Plus tard, je ferai connaissance avec la Famille Duchemin. Ancien directeur d'un grand hôtel à Hanoï, cette famille est descendue à Saïgon après les bombardements de Haïphong en novembre 46.

Comme la plupart des français qui vivaient en Indochine, les évènements les poussèrent à se disperser au Laos, en Nouvelle Calédonie et même en Australie. Mr Duchemin, lui, accepta un poste de gérant au "Hong Kong Club".

Particularité de leurs trois filles de 8, 15 et 16 ans : elles s'engueulent en cantonais, parlent entre elles et avec leurs copains en anglais et conversent avec leurs parents en français, la plus hésitante de leurs 3 langues. Pour les curieux qui peuvent se poser des questions : elles ont eu comme nounou des vietnamiennes d'origine chinoise.


La bande à Belmondo.

Un soir, un groupe d'une dizaine de français débarque au Back room.  Ils viennent fêter l'anniversaire d'Ursula Andress. Simone Duchemin m'avait déjà signalé que l'équipe Belmondo venait d'arriver pour tourner un film... et qu'ils occupaient une suite prestigieuse du Hong-Kong Hilton…

A la fin du dernier set, Tony Scott présente ses musiciens philippins puis se tourne vers moi pour ajouter : "And  specialy for you … to night we got a french bass player : mister Lucien Blot....
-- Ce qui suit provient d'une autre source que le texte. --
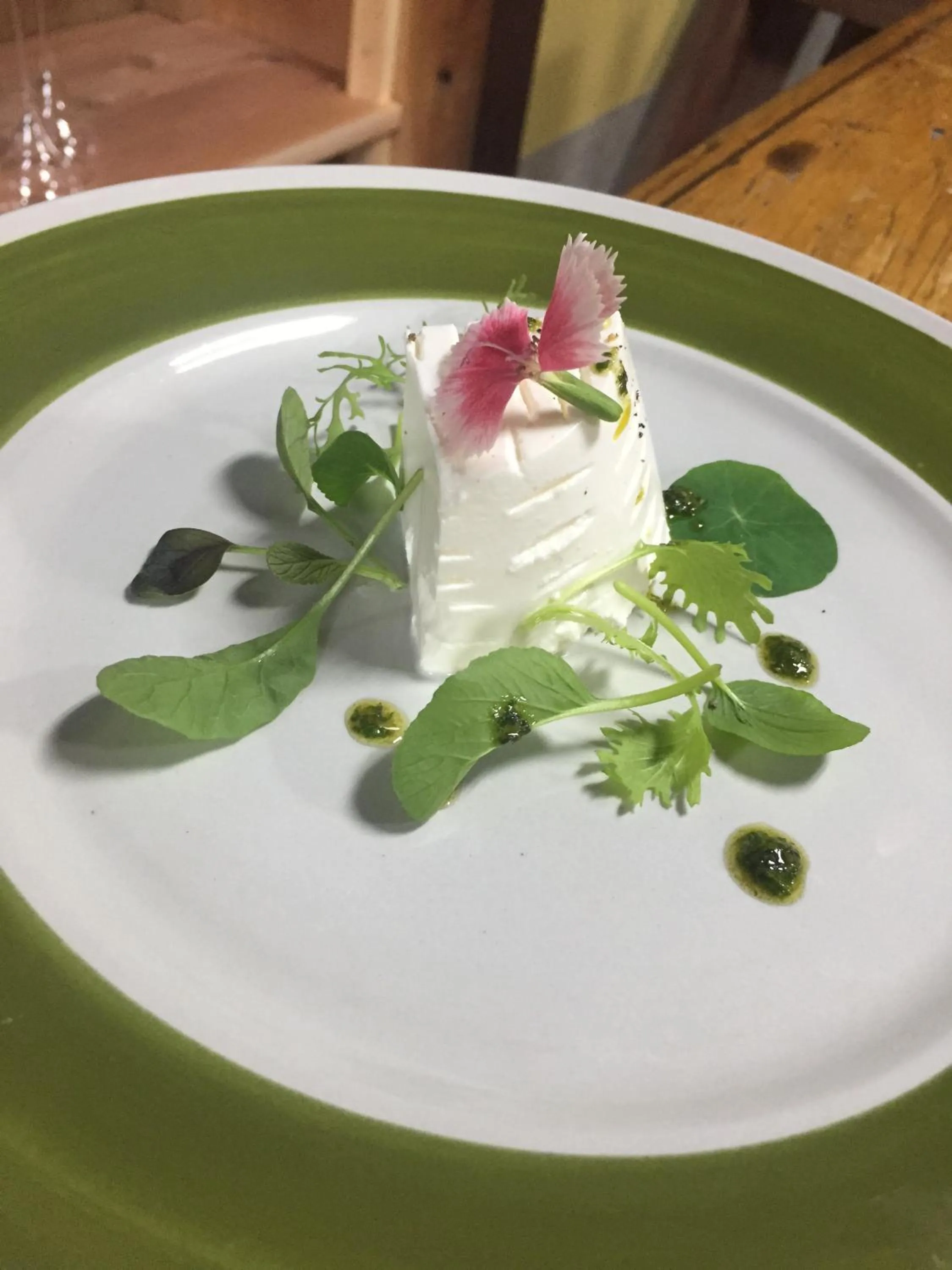 Kumano Winery Guest House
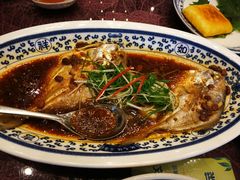 -宁波状元楼酒店(和义路店)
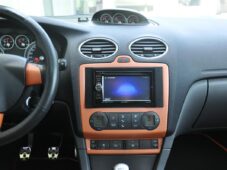 Ford Focus 2.5 330HP ST REMUS RECARO - 6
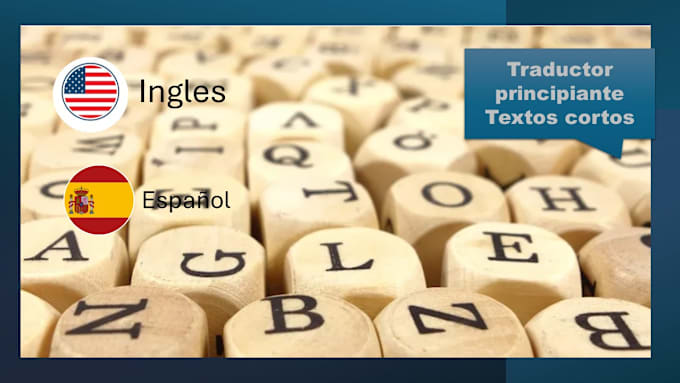 Short en ingles traductor new arrivals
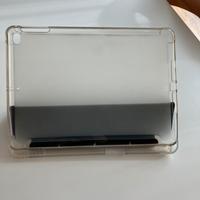 Cover per IPad sesta generazione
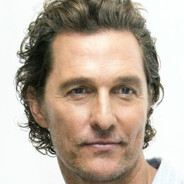 макконАХИ☝ - steam id 76561199118712113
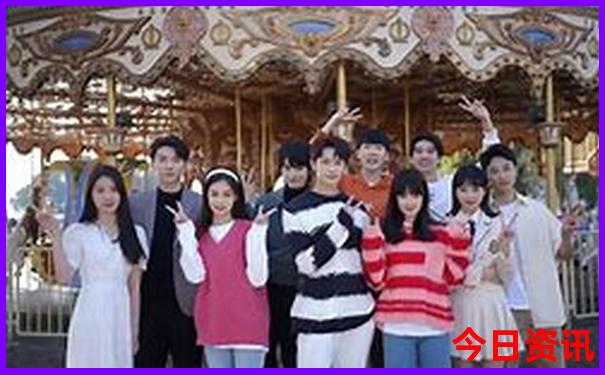 大阪最漂亮三个地方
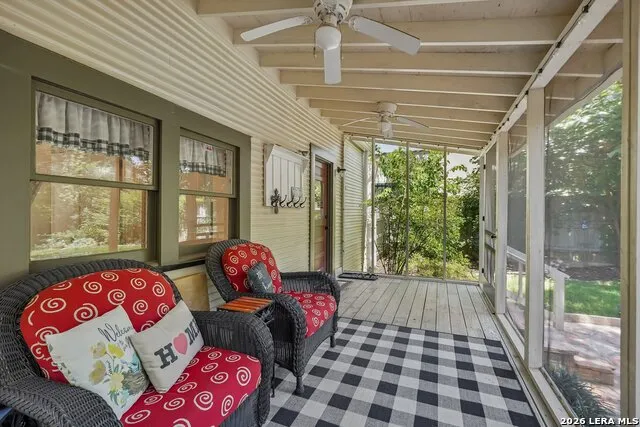 816 Wheless Ave Kerrville, TX 78028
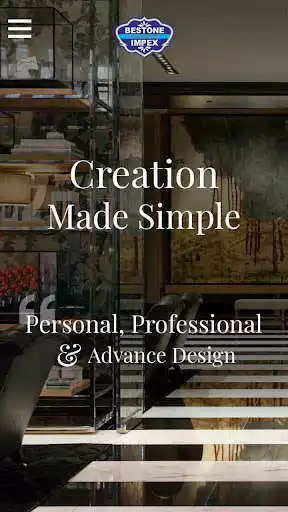 Play Bestone Impex  and enjoy Bestone Impex with UptoPlay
A la fin d'un set, Belmondo m'invite à partager le gâteau d'anniversaire, m'explique en riant avoir pris quelques cours de basse avec Pierre Michelot pour apparaître dans un trio au début du film " Peau de banane". L'équipe dégageait une atmosphère de copains autour de la star et de Philippe de Broca.
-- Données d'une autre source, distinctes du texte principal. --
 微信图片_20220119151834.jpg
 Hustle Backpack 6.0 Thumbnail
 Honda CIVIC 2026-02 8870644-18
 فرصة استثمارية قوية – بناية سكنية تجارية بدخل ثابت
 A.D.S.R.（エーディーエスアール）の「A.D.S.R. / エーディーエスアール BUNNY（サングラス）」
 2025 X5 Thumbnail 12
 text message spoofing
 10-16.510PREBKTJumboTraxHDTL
"Bebel" leur raconte ses aventures de la matinée : " Ça m'a fait tout drôle de m'balader tranquille, sans faire gaffe… Ce matin, j'suis allé à la plage à "Repulse Bay". J'ai essayé d'bavarder avec un groupe de 3 jolies chinoises et j'me suis fait j'ter comme un malpropre, l'une d'elle m'a jeté : "You're a teddy boy ! " (mal élevé), ça fait 15 ans que j'n'avais pas ramassé un bide ! Quel pied ! "

Je recevrai plus tard cette même insulte, après avoir adressé la parole à ma jolie voisine sur le banc du ferry !
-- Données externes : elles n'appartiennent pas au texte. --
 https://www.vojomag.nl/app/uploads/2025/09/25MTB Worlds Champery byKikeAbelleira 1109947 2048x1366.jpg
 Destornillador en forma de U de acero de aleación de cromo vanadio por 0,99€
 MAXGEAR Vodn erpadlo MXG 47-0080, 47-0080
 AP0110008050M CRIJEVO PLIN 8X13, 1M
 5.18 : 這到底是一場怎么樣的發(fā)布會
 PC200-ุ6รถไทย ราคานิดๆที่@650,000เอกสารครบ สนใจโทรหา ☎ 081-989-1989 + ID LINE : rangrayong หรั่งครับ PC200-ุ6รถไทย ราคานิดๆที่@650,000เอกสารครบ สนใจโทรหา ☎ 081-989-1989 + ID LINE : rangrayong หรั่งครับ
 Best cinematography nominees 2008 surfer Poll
Ce soir, le metteur en scène Philippe de Broca est à la recherche d'un bricoleur astucieux capable de lui faire un système qui puisse détacher le side-car de la moto au moment voulu… Le gérent du Back-room lui a fait connaître un vieux chinois parlant français et qui connaît tout sur Hong-Kong… En revoyant  "Les tribulations d'un chinois en Chine", quelques années plus tard… ce chinois lui avait bien dégoté un inventeur de génie …


Les musiciens philippins.

Après une semaine au YMCA où les filles étrangères à l'établissement n'étaient pas admises, les musiciens de Tony Scott m'ont vite trouvé une chambre dans un "Chungking" où mes amours avec Diana ne seraient plus en odeur de péché !

Tous les matins vers 11h, je prends le breakfirst avec des musiciens Philippins. Entre eux, ils parlent "galapago", avec moi un anglais rudimentaire, identique au mien. Avec des marins latinos, ils parlent espagnol ! Pendant les poses, ils m'emmènent souvent écouter leurs copains qui jouent dans des bars d'hôtels environnants. Ils sont un véritable "Trio mexicain" en habits et au répertoire traditionnel. Leur façon de chanter à 3 voix était à s'y méprendre…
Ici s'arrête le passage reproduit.